* Work instruction: Skip the pictures. Copy all the rest of the records down exactly.

* Data supplied:
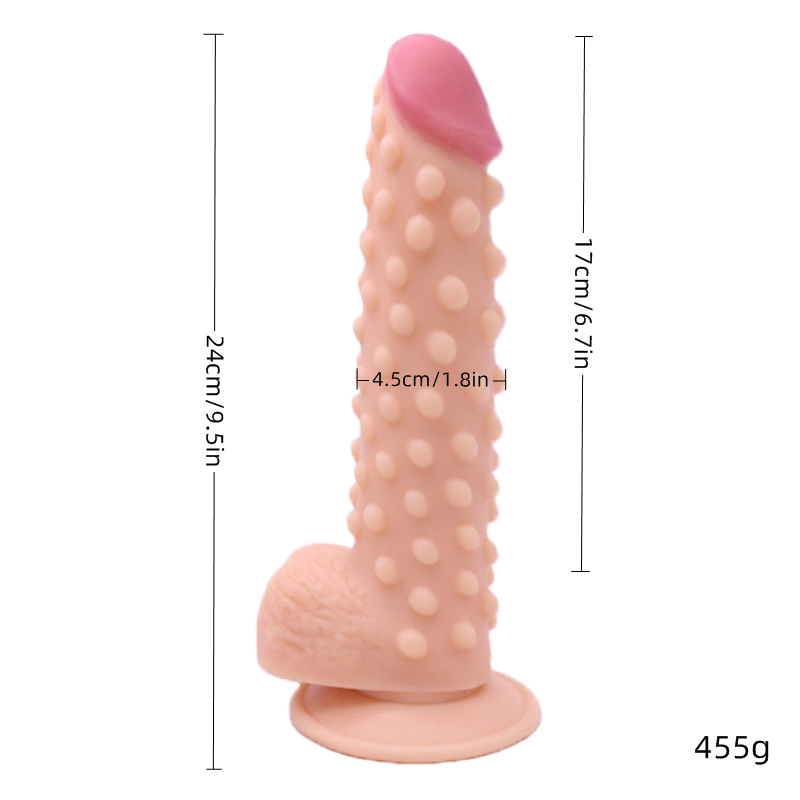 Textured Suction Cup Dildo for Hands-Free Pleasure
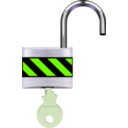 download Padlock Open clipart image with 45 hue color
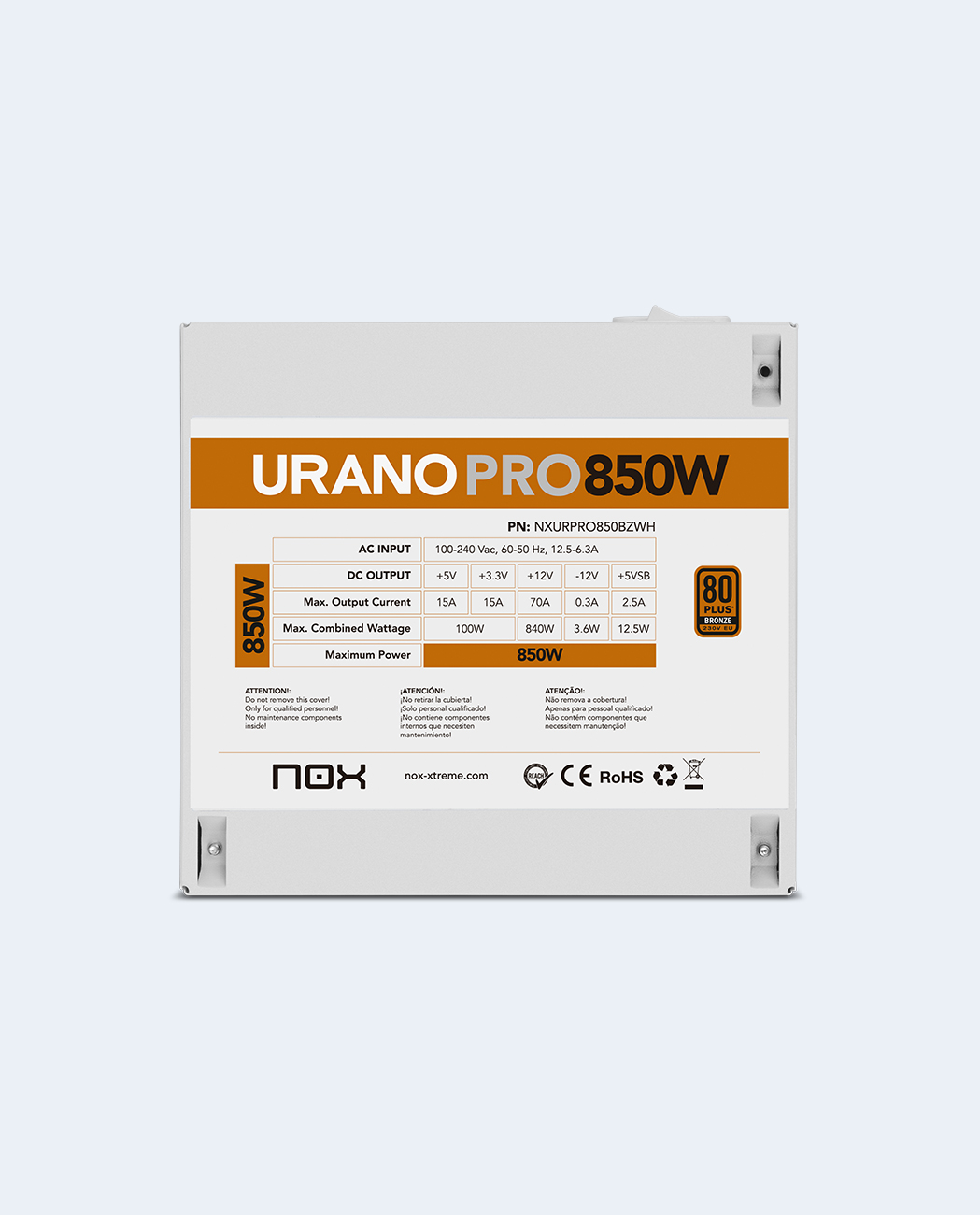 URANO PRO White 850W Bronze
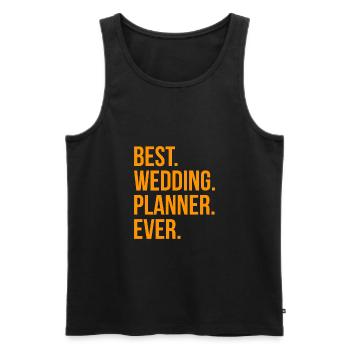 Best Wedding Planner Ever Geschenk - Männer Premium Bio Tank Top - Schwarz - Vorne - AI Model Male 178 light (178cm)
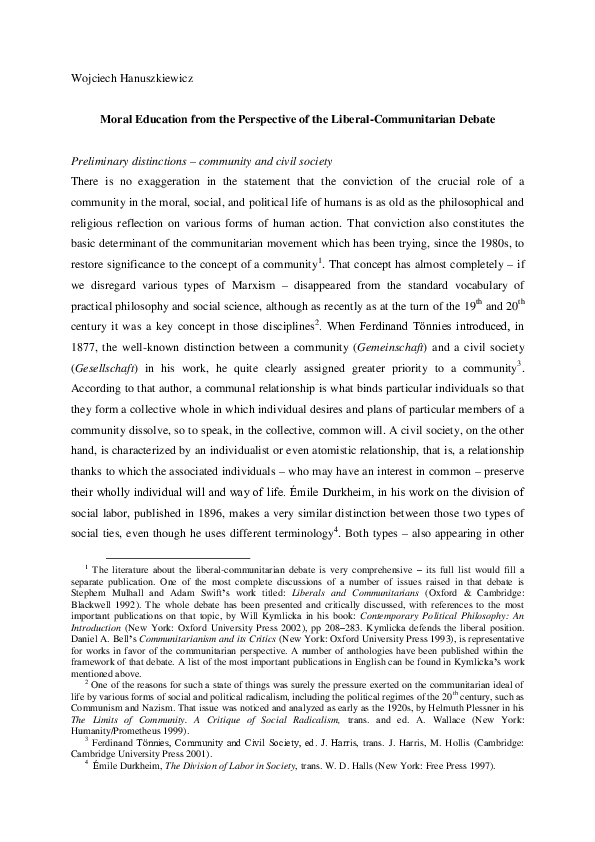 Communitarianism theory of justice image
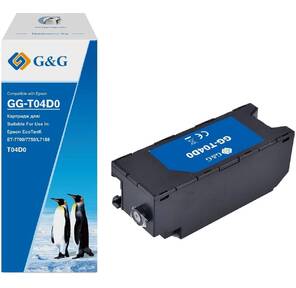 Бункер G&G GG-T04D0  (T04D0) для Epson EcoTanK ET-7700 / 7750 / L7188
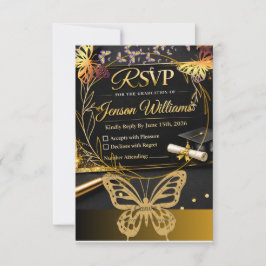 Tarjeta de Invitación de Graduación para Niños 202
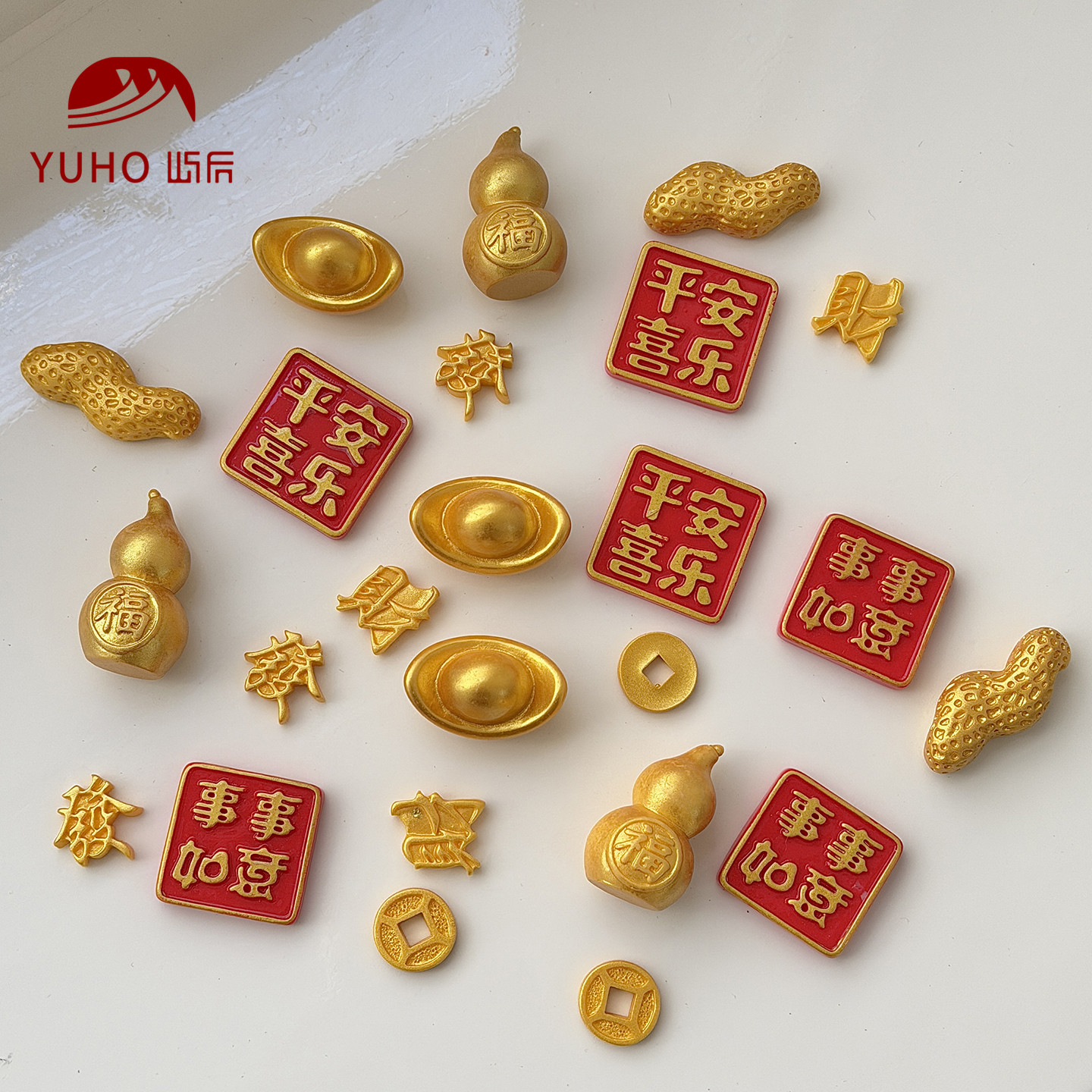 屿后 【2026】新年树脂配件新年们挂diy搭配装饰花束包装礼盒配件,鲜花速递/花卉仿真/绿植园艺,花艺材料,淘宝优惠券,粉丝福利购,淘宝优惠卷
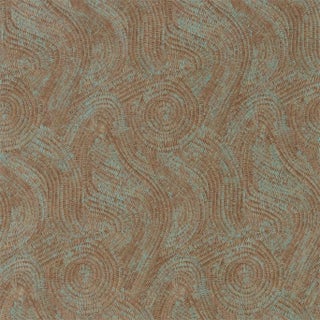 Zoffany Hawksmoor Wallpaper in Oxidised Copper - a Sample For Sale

* Your response:
 Textured Suction Cup Dildo for Hands-Free Pleasure
 download Padlock Open clipart image with 45 hue color
 URANO PRO White 850W Bronze
 Best Wedding Planner Ever Geschenk - Männer Premium Bio Tank Top - Schwarz - Vorne - AI Model Male 178 light (178cm)
 Communitarianism theory of justice image
 Бункер G&G GG-T04D0  (T04D0) для Epson EcoTanK ET-7700 / 7750 / L7188
 Tarjeta de Invitación de Graduación para Niños 202
 屿后 【2026】新年树脂配件新年们挂diy搭配装饰花束包装礼盒配件,鲜花速递/花卉仿真/绿植园艺,花艺材料,淘宝优惠券,粉丝福利购,淘宝优惠卷
 Zoffany Hawksmoor Wallpaper in Oxidised Copper - a Sample For Sale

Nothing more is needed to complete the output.